Scenario 4: Janet predeceases Martin. Martin’s IRA names his Revocable Living Trust as the primary beneficiary. The beneficiaries of Martin’s Trust are Charlie and Emilio. If the Trust remains a pot trust for the benefit of both Charlie and Emilio, then the life expectancy of the oldest beneficiary (Charlie) will be used to determine the RMD. However, if the Trust is divided into two separate shares, one for Charlie and one for Emilio, then the trustee of Charlie’s Trust will be able to use Charlie’s life expectancy to determine the RMDs for his share of the IRA and the trustee of Emilio’s Trust will be able to use Emilio’s longer life expectancy to determine the RMDs for his share of the IRA.
Designating the Right Beneficiary
Primary and secondary beneficiaries of your IRA can be designated or changed by completing a beneficiary designation form provided by the financial institution where the account is held. If you are unsure of your existing beneficiary designation, you should request a copy of your completed beneficiary designation form from your agent immediately.

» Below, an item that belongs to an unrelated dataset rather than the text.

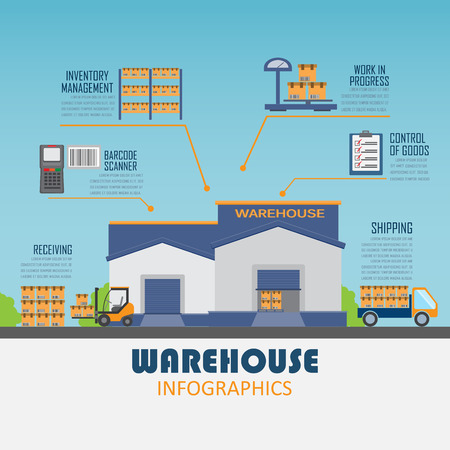 warehouse, cargo, logistic business management infographics background and elements. Can be used for business data, web design, brochure template. vector illustrationのイラスト素材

As indicated above, in most cases, naming the spouse as sole beneficiary of the IRA followed by the owner’s Revocable Living Trust will provide the most beneficial tax treatment as well as giving the estate flexibility in determining the needs of the beneficiaries. However, your particular family and financial situations as well as your Estate Planning goals will determine the ideal beneficiary designation for your IRA.